* _YOUR OBJECTIVE_
In the material below, find the span from the line with "Enhance Your Child's" to the line with "JULIANNE HOUGH heading" and transcribe only those lines, exactly, ends included, without the pictures.

* _SUPPLIED INFORMATION_
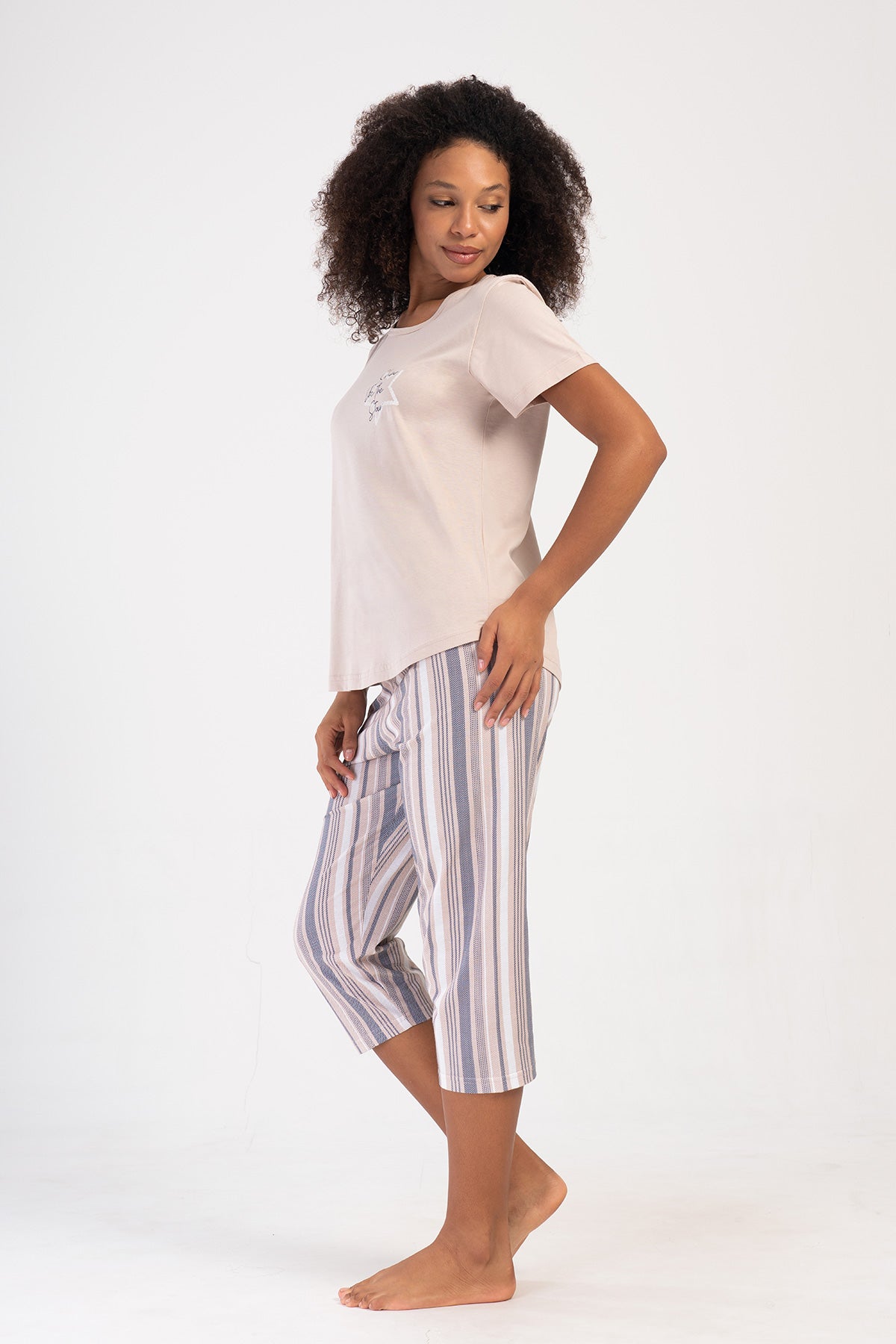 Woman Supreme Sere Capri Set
==
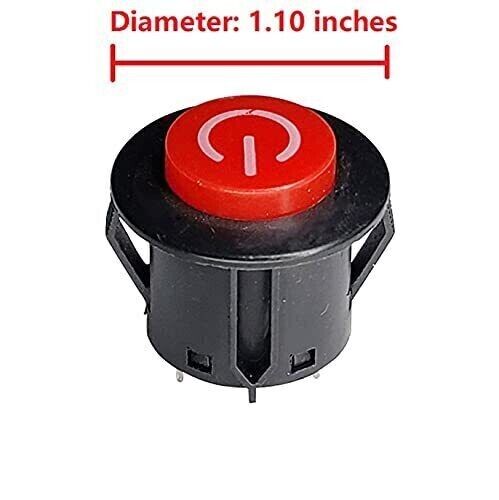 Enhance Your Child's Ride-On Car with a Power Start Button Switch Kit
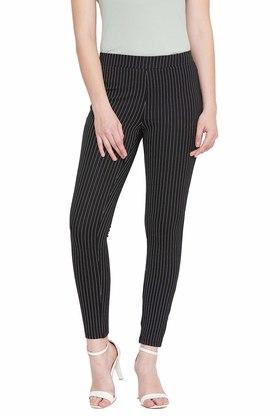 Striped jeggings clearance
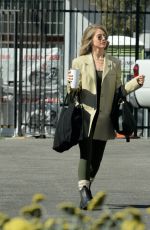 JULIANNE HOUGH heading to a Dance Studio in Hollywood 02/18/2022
...
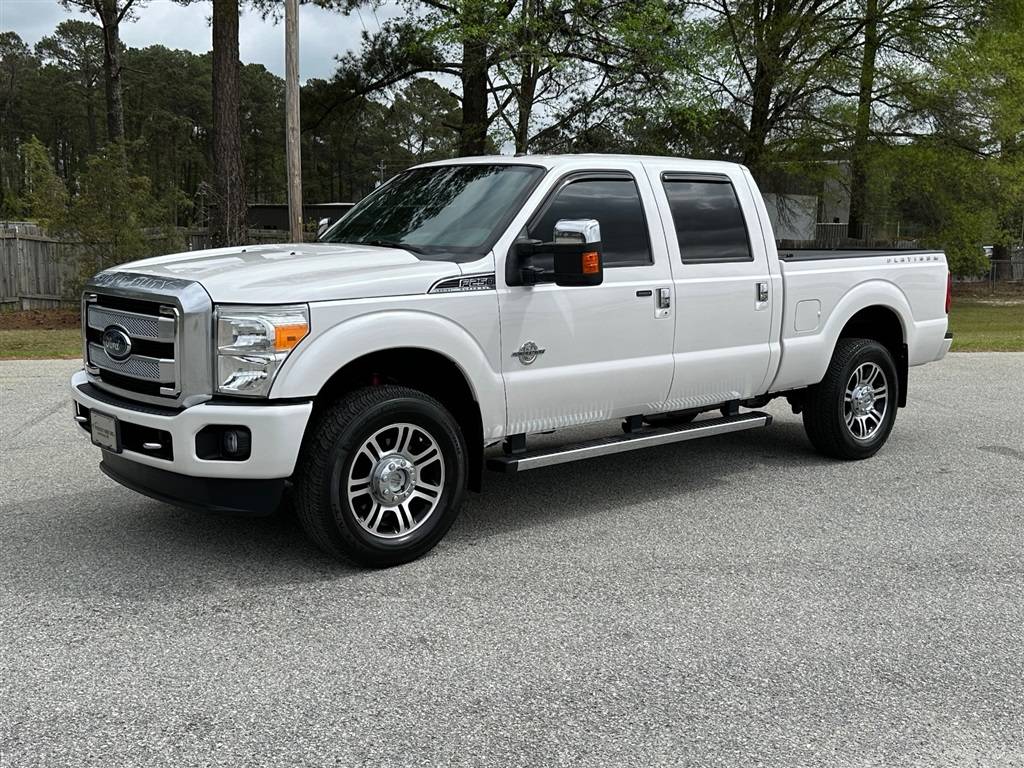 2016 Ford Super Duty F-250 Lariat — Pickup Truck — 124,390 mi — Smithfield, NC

* _TASK ANSWER_
 Enhance Your Child's Ride-On Car with a Power Start Button Switch Kit
 Striped jeggings clearance
 JULIANNE HOUGH heading to a Dance Studio in Hollywood 02/18/2022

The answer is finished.